No siempre ha sido así. En otras épocas los intelectuales se
hacían a la izquierda y buscaban refugio ideológico o lo construían en partidos
cuya promesa política era la revolución. Ya no hay ni promesa política ni
revolución. Esto no quiere decir que
antes la derecha no tenía un ejército de intelectuales que alimentaban su mapa
ideológico, lo que se entendería mejor es que existe una idea generalizada de
que todo intelectual es de izquierda, cosa bastante equivocada y que ha
permitido que algunos intelectuales de tendencias poco claras sean
identificados como revolucionarios, lo que ha hecho un flaco favor a la misma
idea de revolución.
Pero intelectuales, tecnócratas y científicos siempre han
jugado un papel en los entretelones de la democracia limitada en la que estamos
inmersos. Han existido en medio del cinismo político y lo han potenciado, han
permanecido incólumes ante aspectos claves de la realidad nacional como la
corrupción y/o la concentración de la riqueza, han sido críticos de ellos
mismos y en batallas verbales han pasado de defensores de los intereses de
todos a defensores a ultranza de sus propios privilegios.
La idea de un
intelectual militante y comprometido ( obligatoriamente pensador que escribe para mass alla de los lectores de prensa) no arraigó no sólo porque era una idea sin
atractivos sino y principalmente porque el intelectual y tecnócrata, se
encuentran mejor navegando en las aguas mansas de una democracia constitucional
de papel que en las conflictivas de una ruptura con el establecimiento. Aunque
algunos han girado hacia la derechización es mucho más preciso hablar de la
centralización de intelectuales y tecnócratas, ellos ven con mayor espectro
argumental el defender el centro y con ello la democracia liberal, es decir, el
Estado de Derecho por encima de la sociedad justa. Las luchas y los compromisos
han sido cambiados por la elocuencia argumentativa de los discursos con el
drama de ser discursos de moda y por lo tanto efímeros. Es por eso que aun los
medios más conservadores les dan cabida como parte de la oferta del periódico o
canal. No se preocupen hay excepciones, muy pocas.

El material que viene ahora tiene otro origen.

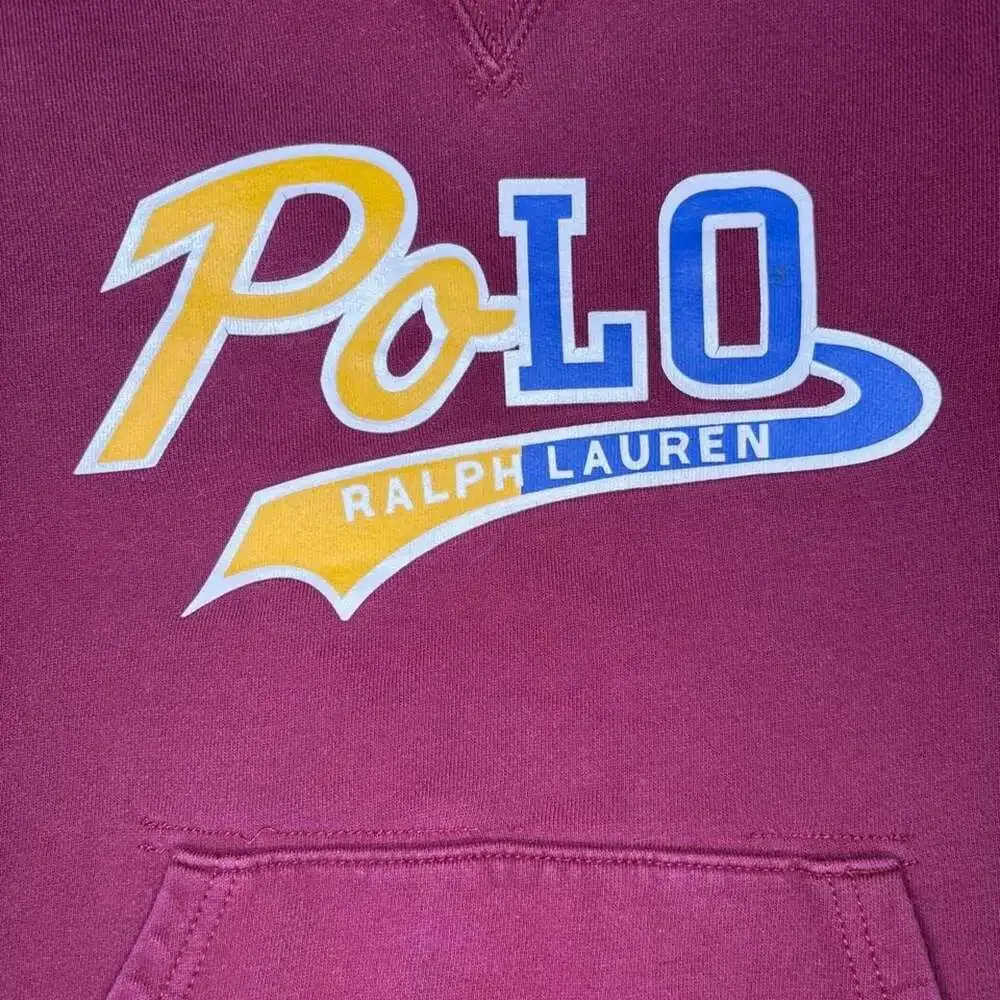 Polo Ralph Lauren Kids Burgundy Logo Graphic Hoodie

Nuestros intelectuales no han construido una opción
política. Su continuo balanceo entre la izquierda y la derecha los muestra como
un péndulo inasible que juega a no pararse en ningún lado que los comprometa.

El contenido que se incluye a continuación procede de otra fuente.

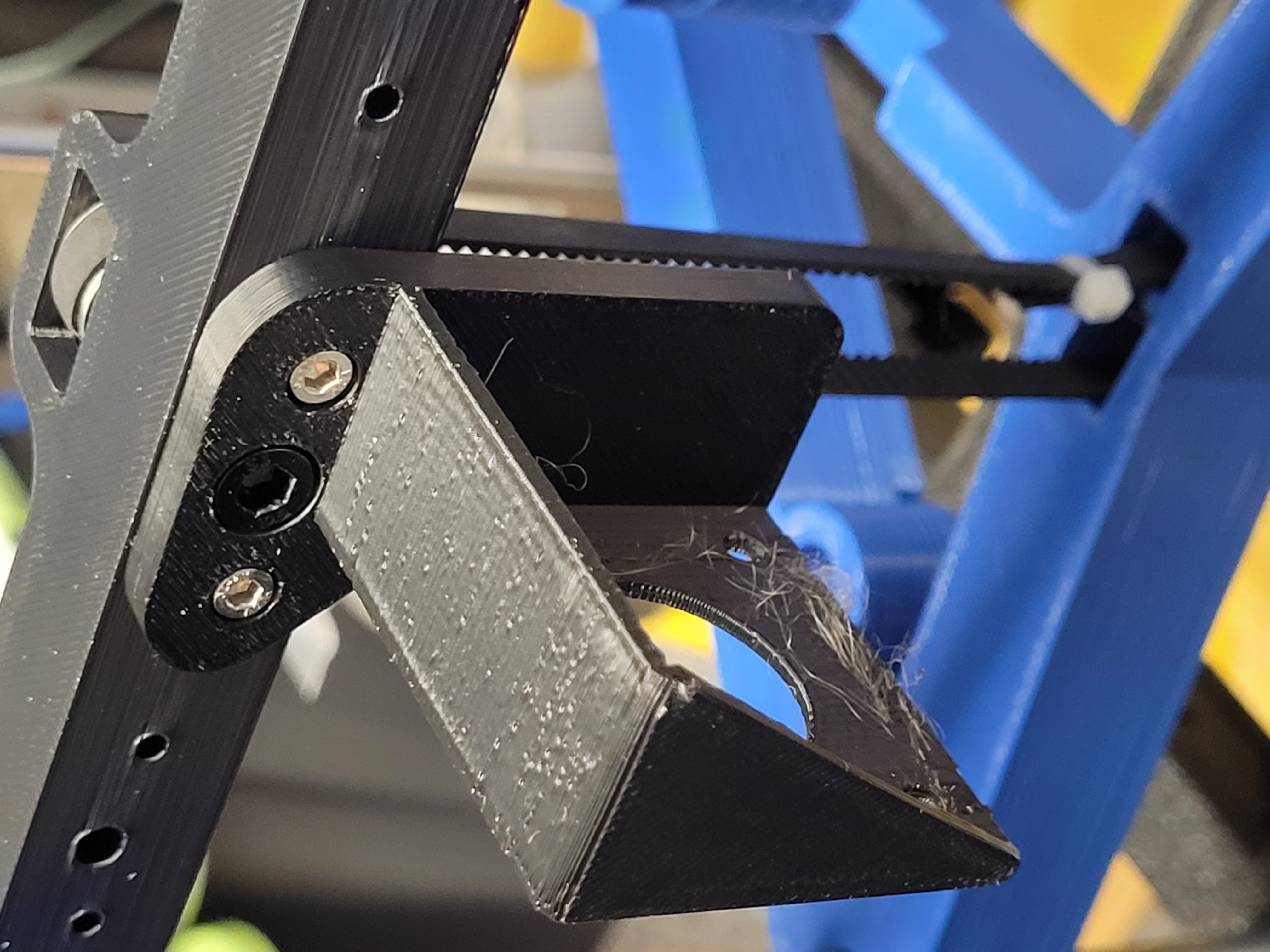 Rook Back end extruder mount for Mk1 top frame with heated inserts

Son, en su gran mayoría, militantes de una transpolítica que fundamenta su
crítica en los discursos modernistas que se
han teñido con el ideal de la libertad, la igualdad y la fraternidad,
trío sobre el cual basan todas sus aspiraciones políticas. La angustia del
postconflicto se convierte poco a poco en un alegato al que le faltan
intelectuales que orienten no a lector del periódico sino al país. Que den
sentido a la ambición política desmesurada de los que tiene en sus manos el
presupuesto.
La intelectualidad es un grupo heterogéneo. Escribe y a
través de este acto, exorciza las penas de su propia pasividad. Una
intelectualidad que como diría un amigo, habermasea, después de haber
marxificado, freudinizado o weberanizado. Algunos han terminado escribiendo
para las revistas de farándula, otro son avezados columnistas de las revistas
del poder. Los lenguajes al uso así como los discursos son eficazmente
divulgados en los territorios del dominio académico. Diría para ser preciso y
evitar confusiones: no todo el que escribe, bien o mal, es intelectual de la
misma manera que no todo el que corre es atleta.

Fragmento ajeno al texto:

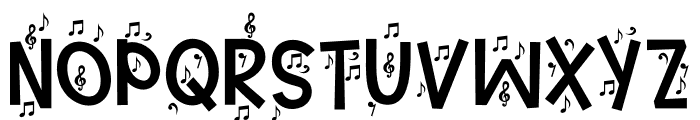 Music Note Six Font UPPERCASE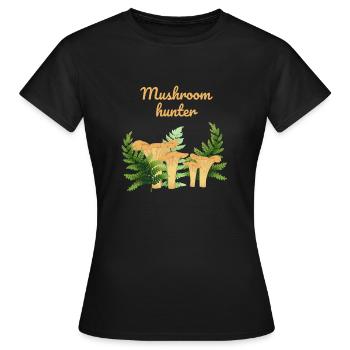 Pilzsammler - Frauen T-Shirt - Schwarz - Vorne - AI Model Female 172 dark (172cm)
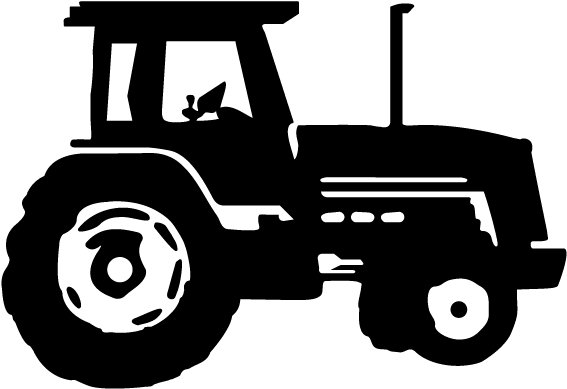 Tractor Black And White Png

Ellos y ellas, triunfan en el sentido de que la reflexión ha
sido sustituida por la opinión personal o la parodia, y el pensamiento por la cita
erudita: el nuestro es un tiempo de intérpretes no de creadores, y sin embargo
todas las condiciones de esta realidad espoleada por la crisis incitan a las
fuerzas de la creación. El debate político sucede en medio de una falta
sustantiva de diálogo entre las ideas. Dialogan los autores, sumidos en muchos
casos en su solemnidad y erudición y escondidos en lo que ha terminado por
entenderse como tolerancia, es decir, soportar a los demás. No se puede pedir a
intelectuales, tecnócratas y científicos mucho más de lo que están dispuestos a
dar. En una sociedad como la colombiana y se podría decir que en la América mal
llamada Latina (no todos somos latinos), estos grupos son privilegiados
ciudadanos que luchan por su libertad mientras muchos todavía están luchando
por la comida.
Muchos pelean por la
libertad de cátedra cuando miles de ciudadanos no tienen cupo ni lo tendrán en
la universidad pública. Algunos se hacen
llamar periodistas y toman la bandera de la libertad de expresión como si fuese
el único ideal que tenemos. También han jugado, los intelectuales, un papel en los vericuetos de la guerra.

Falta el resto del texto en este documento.